── RECORDS SHOWN ──

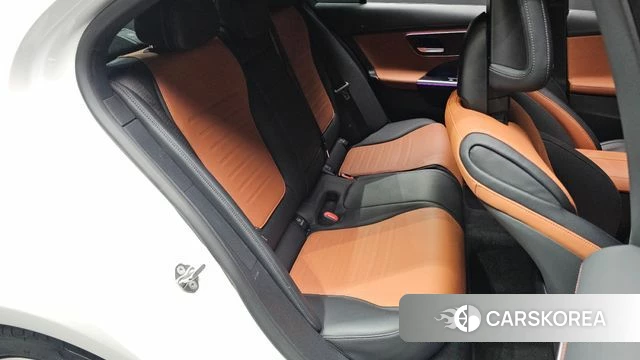 Mercedes-Benz C-Class W206 2023 Белый из Кореи, фото 2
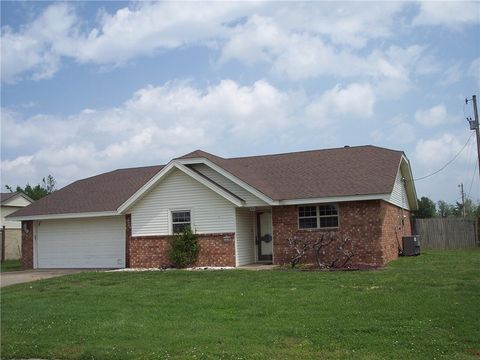 Photo of 1538 S Heritage Circle, Rogers, AR 72758 (MLS # 1344205)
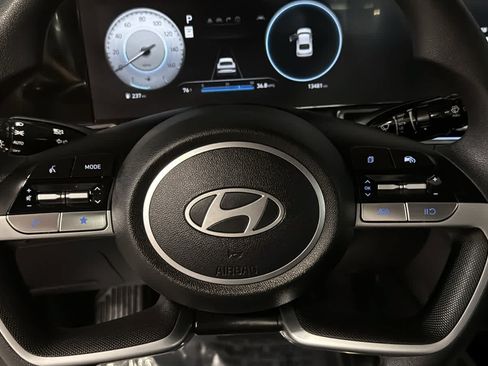 Used 2024 Hyundai Elantra SEL FWD image 11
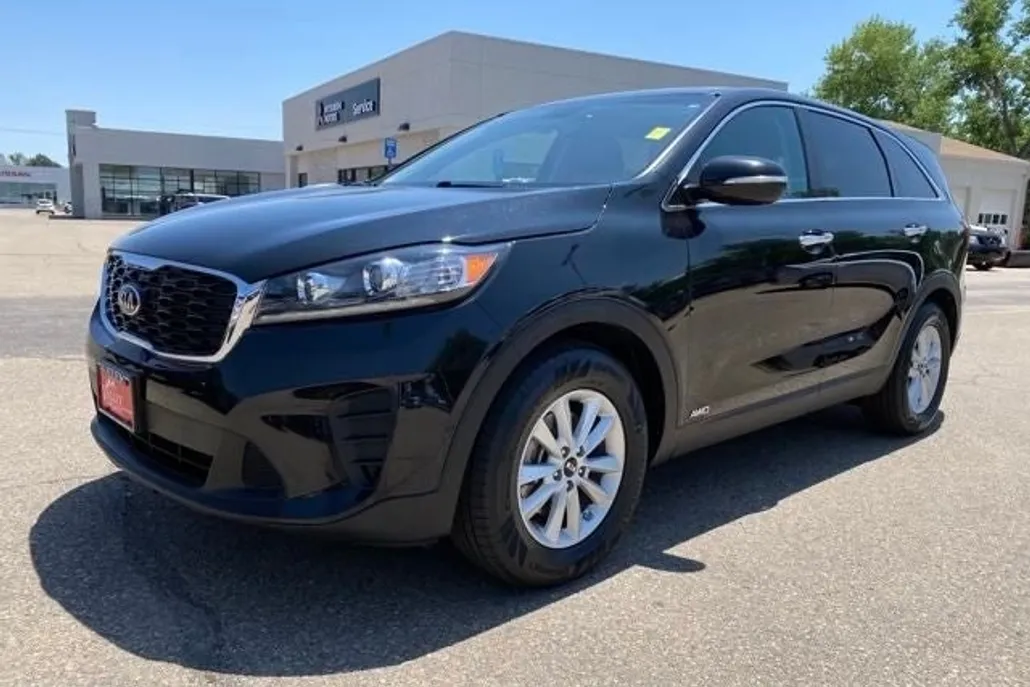 2020 Kia Sorento LX photo 1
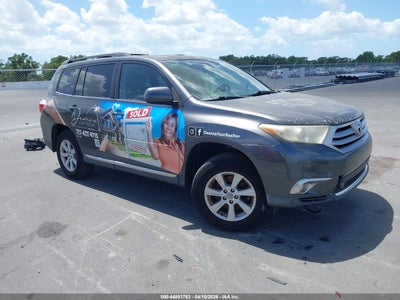 5TDBK3EHXBS072424 TOYOTA HIGHLANDER Photo 1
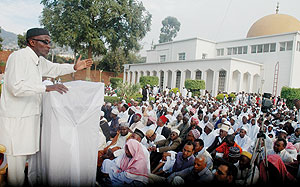 The Mufti of Rwanda Sheikh Saleh Habimana preaches to the Islamic congregation at the Islamic cultural centre in Nyamirambo on Eid Al Adhuha on Friday. (Photo/ J. Mbanda)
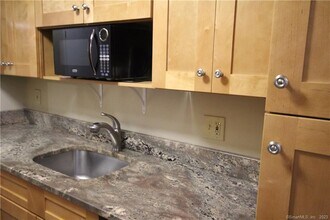 14 Newtown Rd in Danbury, CT - Building Photo - Building Photo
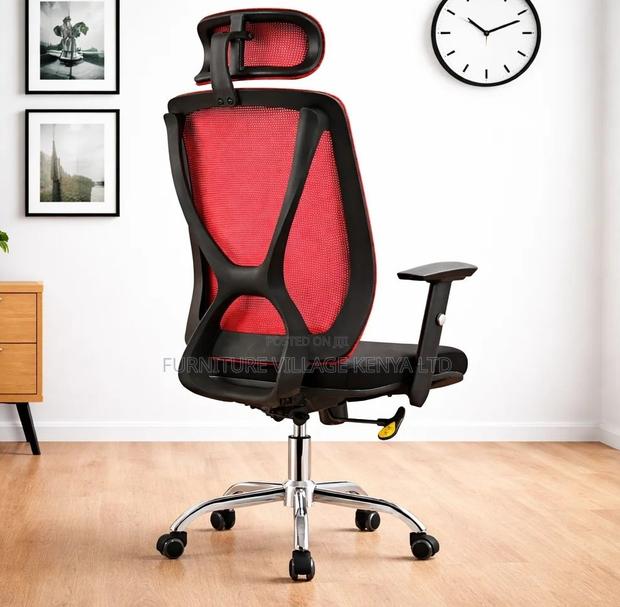 Ergonomic Mesh Highback Seat - thumbnail 9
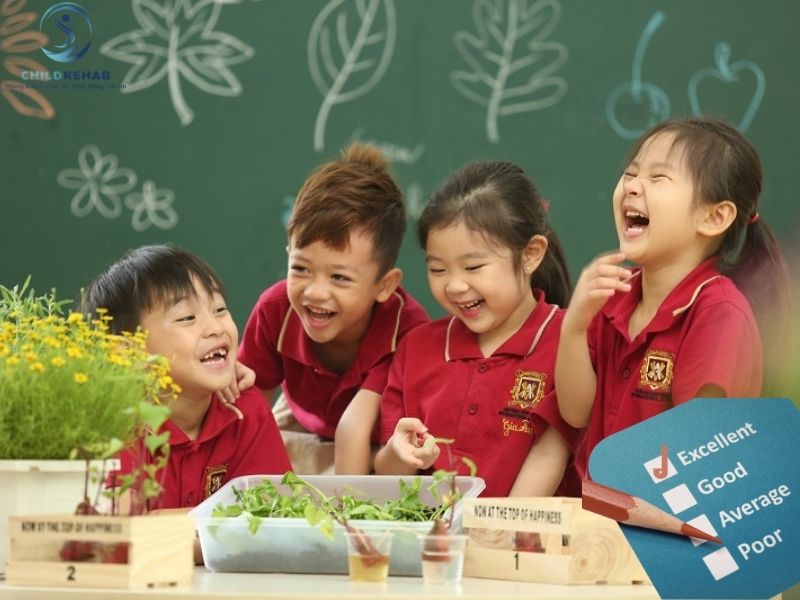 Đánh giá khả năng tương tác và hòa nhập xã hội của trẻ.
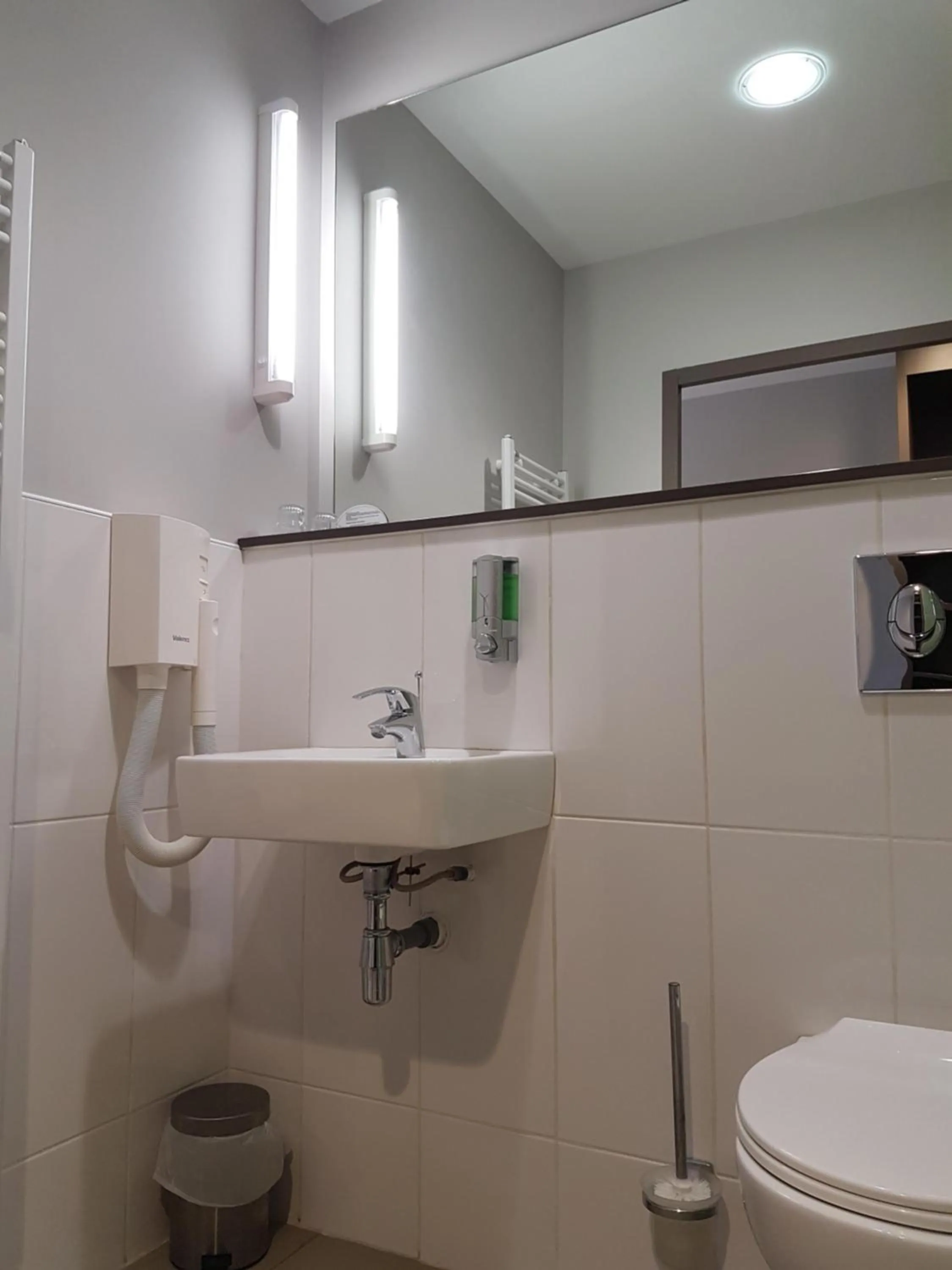 Toilet in The Originals City, L'Haut' Aile, Coquelles-Calais Tunnel s/Manche L'HAUTAILE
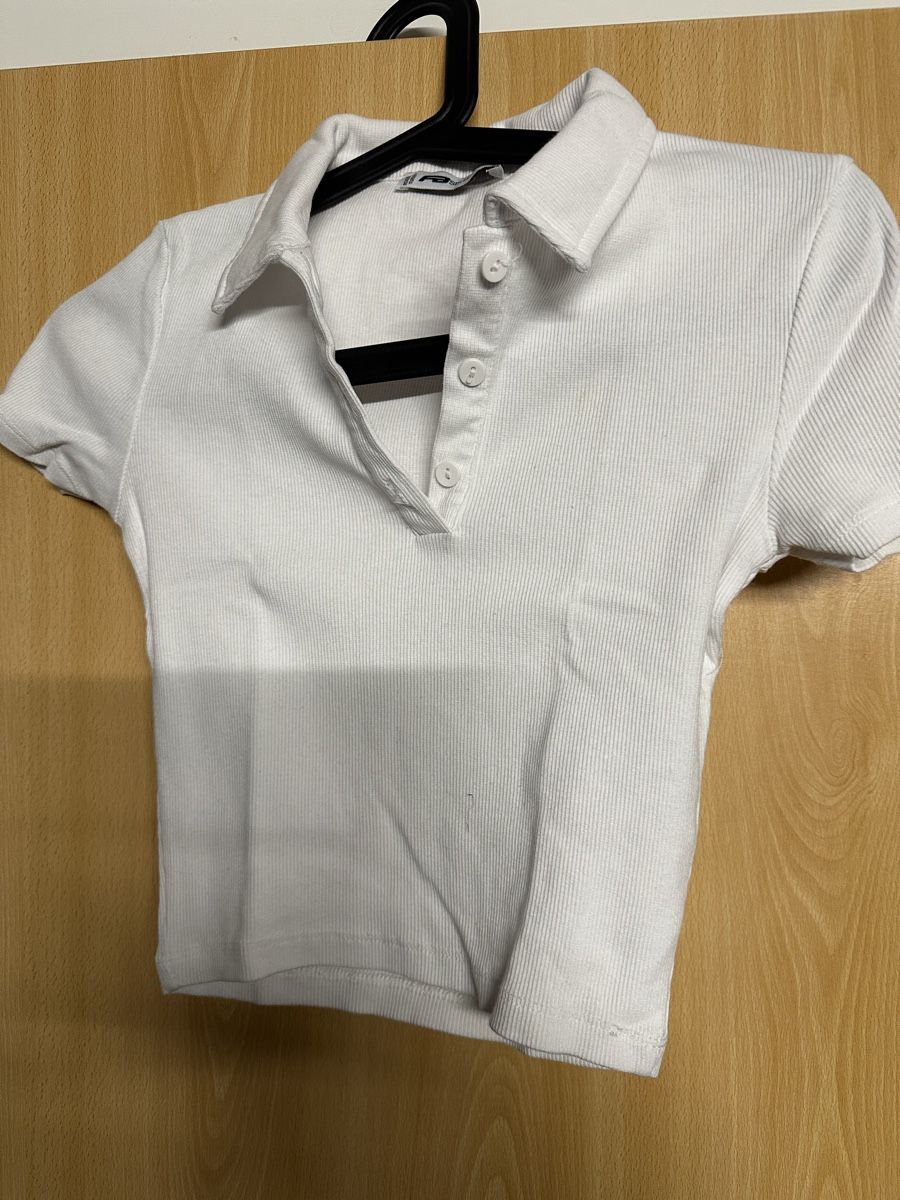 Top: Trendiges, geripptes Crop-Top in Weiss – Nuovo (secondo la descrizione) da Zollikofen venduto da Akshy 2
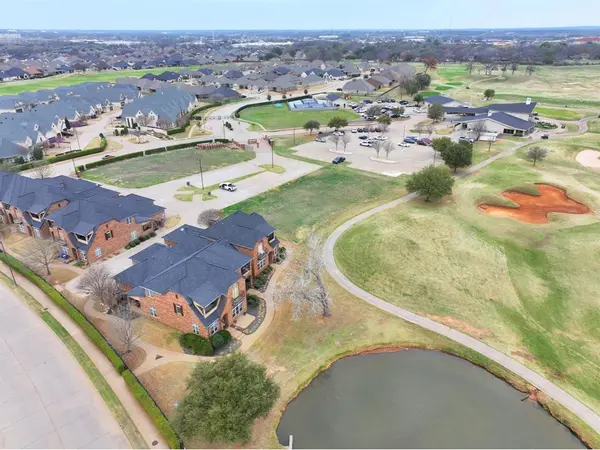 2200 Herons Nest Drive, Granbury, TX 76048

───

*THE TASK*
Copy the records exactly, minus any pictures.

*RESPONSE FOR THIS EXERCISE*
 Mercedes-Benz C-Class W206 2023 Белый из Кореи, фото 2
 Photo of 1538 S Heritage Circle, Rogers, AR 72758 (MLS # 1344205)
 Used 2024 Hyundai Elantra SEL FWD image 11
 2020 Kia Sorento LX photo 1
 5TDBK3EHXBS072424 TOYOTA HIGHLANDER Photo 1
 The Mufti of Rwanda Sheikh Saleh Habimana preaches to the Islamic congregation at the Islamic cultural centre in Nyamirambo on Eid Al Adhuha on Friday. (Photo/ J. Mbanda)
 14 Newtown Rd in Danbury, CT - Building Photo - Building Photo
 Ergonomic Mesh Highback Seat - thumbnail 9
 Đánh giá khả năng tương tác và hòa nhập xã hội của trẻ.
 Toilet in The Originals City, L'Haut' Aile, Coquelles-Calais Tunnel s/Manche L'HAUTAILE
 Top: Trendiges, geripptes Crop-Top in Weiss – Nuovo (secondo la descrizione) da Zollikofen venduto da Akshy 2
 2200 Herons Nest Drive, Granbury, TX 76048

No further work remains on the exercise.